La colère bouillonne dans mon ventre, elle m'étouffe mais je continue à lire :
« et vous nous contemplez
non pas nous
ce serait trop d'honneur pour nous
mais notre posture d'impuissance...
vous nous traitez comme des ombres
vous ne comprenez pas que l'on puisse être humble...
vous souvenez-vous que vous êtes nos semblables ?
vous chassez ça
tout de suite de votre esprit...
parce que vous êtes plus vieux que nous
vous croyez être plus respectables
parce que vous êtes jeunes
vous nous prenez pour de vieux cons
parce que vous êtes riches
vous nous prenez pour des ratés
parce que les frigos
de vos têtes
sont pleins de certitudes
vous jouissez de voir les
convulsions de nos doutes affamés
vous n'êtes pas
plus forts que nous
mais vous savez tricher...
mais vous n'avez jamais
honte d'oser
quand il n'y a pas de risque et
beaucoup à gagner...
votre indifférence plus méprisante que le mépris. »
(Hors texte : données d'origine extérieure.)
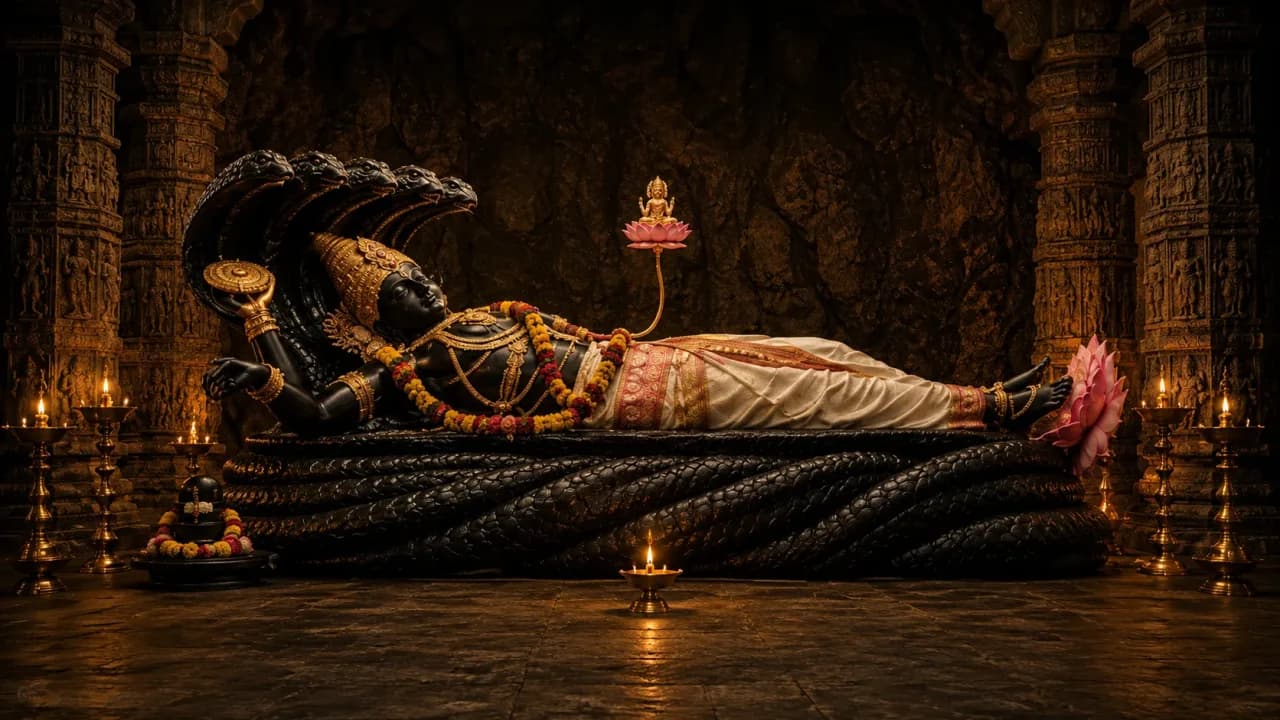 The reclining idol of Lord Padmanabha resting on the serpent Ananta inside Padmanabhaswamy Temple.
Cinq lettres meurtrières ESMAD, et tant de morts, mais leurs paroles et leurs noms resteront vivants : Angie, Nicolàs, Brayan, Maicol, Jesus, Alison, Einer, Marcelo, Cristian, Llucas, Dilan. Pour le souvenir, ils sont la vie.

« ce monde meurt
sans apocalypse
cela peut prendre encore des siècles
la sagesse
l'humilité
aurait pu le faire vivre
plus longtemps
avec plus de bonheur. »

Le grand suicide de l'humanité entière est en train de se faire, la vie crie au secours :
« car la vie quand même !...
celle qu'on entend et celle qu'on n'entend pas
celle qui te ligote les chevilles
pas pour les immobiliser au contraire
pour insuffler la frénésie le souffle le feu...
penser à tout ce qu'on peut faire
de sa vie
les rêves oh ils ne sont pas tous bien reluisants
mais ça te donne la rage de vivre .»

Où trouver des mots plus justes plus éloquents, plus forts pour parler du Canto humilde - Chant humble de Philippe Pratx ?
Dans le texte même témoin d'un style qui martèle l'ignominie et panse les plaies, d'un rythme qui suit les battements du coeur, les pauses de respiration, le recueillement, et l'énergie d'un vie rebondissant à chaque vers et à chaque page.
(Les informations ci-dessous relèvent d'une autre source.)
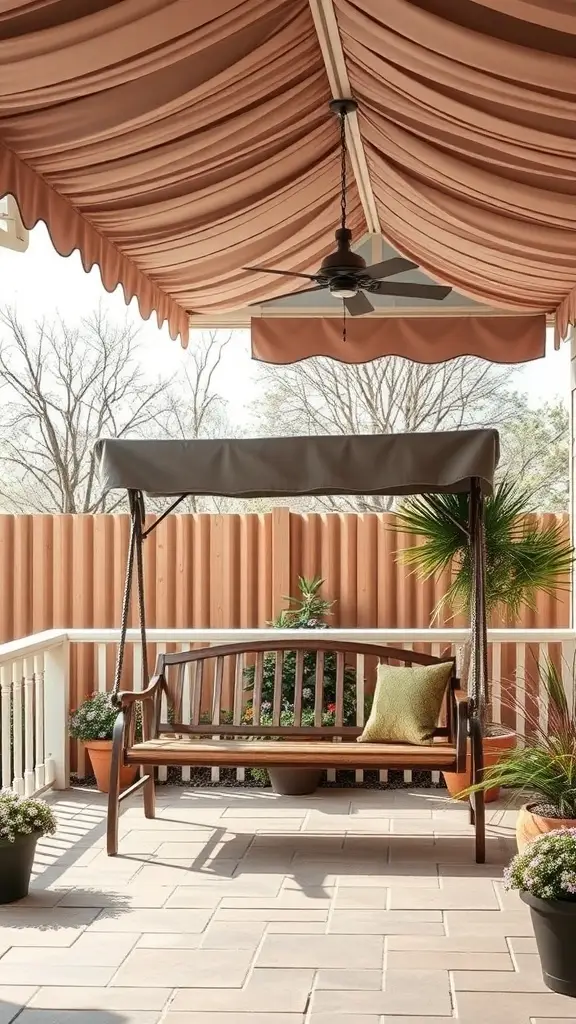 A cozy outdoor space featuring a 1920's porch swing under a stylish canopy with plants around.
Le texte est témoin d'un poète qui ne pourra peut être pas sauver le monde mais en tout cas l'éveille, transmet, ne laisse pas mourir des voix d'un passé inconnu par un grand nombre, dont je fais partie, et donne aux humbles la place respectée.

Toujours le texte est témoin d'un chroniqueur authentique, connaisseur de l'histoire d'un peuple dont il partage la vie.

Je souhaite, tout comme Juan Sebastian Rojas qui a préfacé tes chants, que le plus grand nombre de lecteurs lisent tes pages et s'empreignent d'un cri de révolte, d'un chant d'amour, d'un style dont la poésie, la noirceur et la lumière viennent d'une profonde obscurité et portent la cape du talent et la voix de tous les humbles frères humains.
Magistral !
Un énorme merci, Philippe, pour tout.